▶ _Task item_
Beginning at the line that contains "If you use a" and finishing at the line that contains "Hello, my name", output the data below exactly. Include both end lines and no pictures.

[Opening Data extract section]

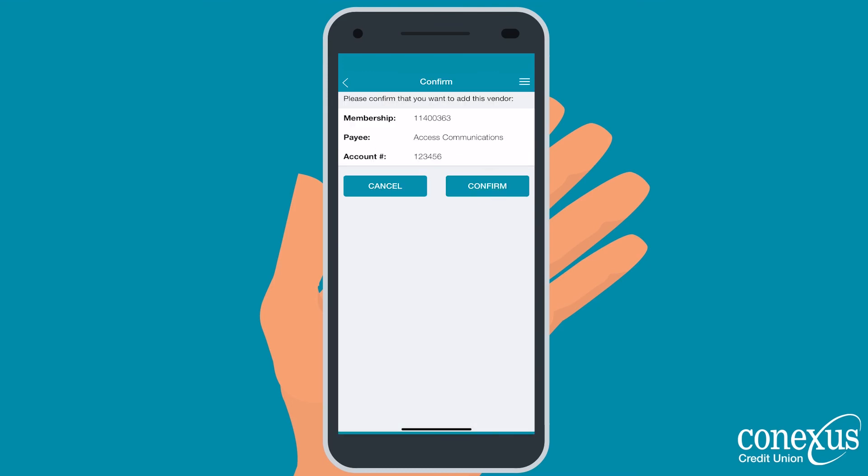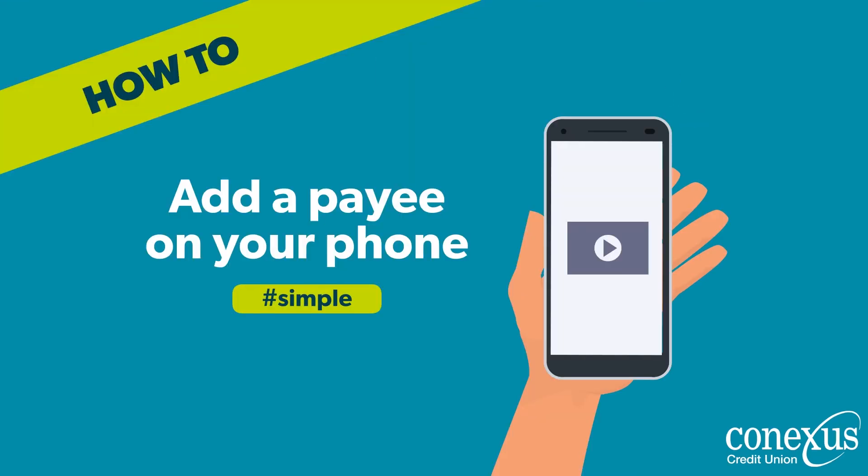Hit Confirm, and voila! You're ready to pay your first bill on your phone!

[Closing Data extract section]
[Opening Data extract section]

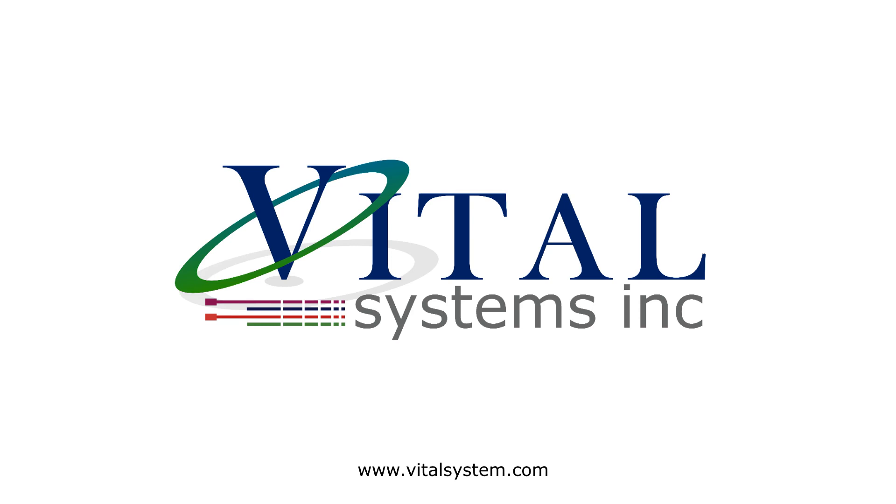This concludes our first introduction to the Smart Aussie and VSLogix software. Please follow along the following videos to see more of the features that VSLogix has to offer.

[Closing Data extract section]
[Opening Data extract section]

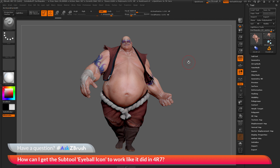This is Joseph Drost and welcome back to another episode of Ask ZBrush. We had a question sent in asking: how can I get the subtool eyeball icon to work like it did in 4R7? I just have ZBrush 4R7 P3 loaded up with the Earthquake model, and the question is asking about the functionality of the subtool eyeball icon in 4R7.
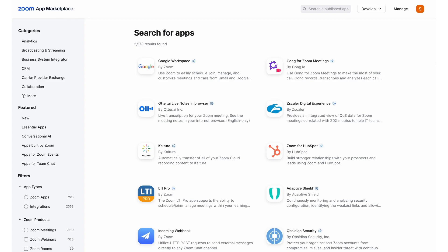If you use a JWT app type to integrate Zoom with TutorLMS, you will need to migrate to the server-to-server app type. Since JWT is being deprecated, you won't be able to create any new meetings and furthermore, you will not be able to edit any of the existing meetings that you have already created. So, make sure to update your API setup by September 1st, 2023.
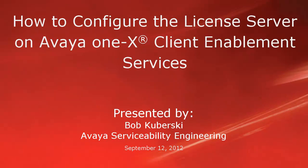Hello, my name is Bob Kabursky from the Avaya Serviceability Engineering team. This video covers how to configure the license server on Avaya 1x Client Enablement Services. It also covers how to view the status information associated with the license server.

[Closing Data extract section]

▶ _Answer space_
If you use a JWT app type to integrate Zoom with TutorLMS, you will need to migrate to the server-to-server app type. Since JWT is being deprecated, you won't be able to create any new meetings and furthermore, you will not be able to edit any of the existing meetings that you have already created. So, make sure to update your API setup by September 1st, 2023.
Hello, my name is Bob Kabursky from the Avaya Serviceability Engineering team. This video covers how to configure the license server on Avaya 1x Client Enablement Services. It also covers how to view the status information associated with the license server.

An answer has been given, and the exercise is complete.